Des journalistes travaillant avec l'AFP ont vu des policiers, portant des cagoules dissimulant leurs visage, attraper des manifestants avant des les emmener dans des fourgons de police.

Alexandre Loukachenko, qui exclut de démissionner, a multiplié les déclarations martiales, ayant par exemple assuré que la police tirerait bientôt à balles réelles ou demandant la semaine dernière aux forces de l'ordre de "ne pas faire de prisonniers".

Selon l'organisation de défense des droits de l'Homme Viasna, plus de 530 manifestants ont été arrêtés à Minsk et quelques autres villes dimanche. Une dizaine de journalistes figurent parmi eux, ainsi que des sportifs, comme le médaillé olympique de décathlon Andrei Krauchanka, ou Miss Bélarus 2008, Olga Jinikova, selon le média indépendant Tut.by.
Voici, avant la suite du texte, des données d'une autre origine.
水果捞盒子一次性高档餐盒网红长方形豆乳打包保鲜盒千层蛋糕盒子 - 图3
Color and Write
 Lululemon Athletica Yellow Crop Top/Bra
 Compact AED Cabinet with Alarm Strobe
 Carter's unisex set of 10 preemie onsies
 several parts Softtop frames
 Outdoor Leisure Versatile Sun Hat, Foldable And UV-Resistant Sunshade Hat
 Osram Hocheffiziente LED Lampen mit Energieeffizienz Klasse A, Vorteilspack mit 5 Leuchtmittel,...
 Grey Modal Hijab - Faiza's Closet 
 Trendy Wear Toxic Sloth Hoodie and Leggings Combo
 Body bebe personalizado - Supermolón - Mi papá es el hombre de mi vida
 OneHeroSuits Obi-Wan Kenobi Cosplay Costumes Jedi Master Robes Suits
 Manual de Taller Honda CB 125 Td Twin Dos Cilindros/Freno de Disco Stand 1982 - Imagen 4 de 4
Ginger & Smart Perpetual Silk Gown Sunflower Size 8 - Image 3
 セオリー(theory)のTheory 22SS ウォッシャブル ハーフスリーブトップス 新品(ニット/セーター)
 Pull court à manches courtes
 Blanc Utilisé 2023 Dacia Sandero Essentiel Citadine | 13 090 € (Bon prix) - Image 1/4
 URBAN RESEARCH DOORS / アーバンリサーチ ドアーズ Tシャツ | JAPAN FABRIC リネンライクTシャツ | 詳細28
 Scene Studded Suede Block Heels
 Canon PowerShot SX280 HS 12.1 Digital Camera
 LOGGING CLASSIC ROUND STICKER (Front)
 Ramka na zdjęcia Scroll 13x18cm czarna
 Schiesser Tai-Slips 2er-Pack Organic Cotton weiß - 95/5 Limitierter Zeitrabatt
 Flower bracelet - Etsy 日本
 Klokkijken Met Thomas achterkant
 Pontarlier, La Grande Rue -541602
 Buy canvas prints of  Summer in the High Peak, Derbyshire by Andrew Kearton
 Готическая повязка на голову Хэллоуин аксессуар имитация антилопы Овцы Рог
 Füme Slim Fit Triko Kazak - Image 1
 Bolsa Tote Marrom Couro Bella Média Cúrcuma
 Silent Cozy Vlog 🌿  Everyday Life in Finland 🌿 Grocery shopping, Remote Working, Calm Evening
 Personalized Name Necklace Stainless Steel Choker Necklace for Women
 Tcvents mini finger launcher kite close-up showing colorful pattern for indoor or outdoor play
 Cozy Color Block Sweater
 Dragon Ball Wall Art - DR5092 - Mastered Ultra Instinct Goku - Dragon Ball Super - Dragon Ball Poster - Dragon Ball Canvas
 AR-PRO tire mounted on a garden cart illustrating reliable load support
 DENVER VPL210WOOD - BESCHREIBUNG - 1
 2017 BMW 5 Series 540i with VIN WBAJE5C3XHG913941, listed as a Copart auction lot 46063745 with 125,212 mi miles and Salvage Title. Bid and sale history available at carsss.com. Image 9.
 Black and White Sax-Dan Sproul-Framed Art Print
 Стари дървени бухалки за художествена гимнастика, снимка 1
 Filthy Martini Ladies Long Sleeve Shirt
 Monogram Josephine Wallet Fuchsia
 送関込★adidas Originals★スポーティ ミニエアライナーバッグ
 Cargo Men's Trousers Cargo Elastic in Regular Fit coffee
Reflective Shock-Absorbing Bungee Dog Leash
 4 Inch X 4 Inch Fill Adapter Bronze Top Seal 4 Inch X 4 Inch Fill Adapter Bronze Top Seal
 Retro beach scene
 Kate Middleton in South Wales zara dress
Depuis trois mois, les opposants à Alexandre Loukachenko se réunissent chaque dimanche dans la capitale pour l'appeler à la démission après l'élection présidentielle contestée du 9 août, marquée par des accusations de fraudes massive. Ils demandent au président au pouvoir depuis 1994 de céder la place à son adversaire de l'élection présidentielle, Svetlana Tikhanovskaïa, qui a dû fuir à l'étranger comme les principales figures de l'opposition dans les semaines ayant suivi l'élection pour échapper à la répression.

Samedi, l'opposante a félicité Joe Biden pour son élection à la Maison Blanche. "C'était une vraie course d'idées, de programmes et d'équipes à la différence du Bélarus, où les voix ont simplement été volées", a-t-elle déclaré. Elle a ajouté croire que "le nouveau président des Etats-Unis rencontrera bientôt le président justement élu d'un Bélarus nouveau et libre", soulignant que Joe Biden avait "plusieurs fois pris des positions fermes en soutien au peuple bélarusse".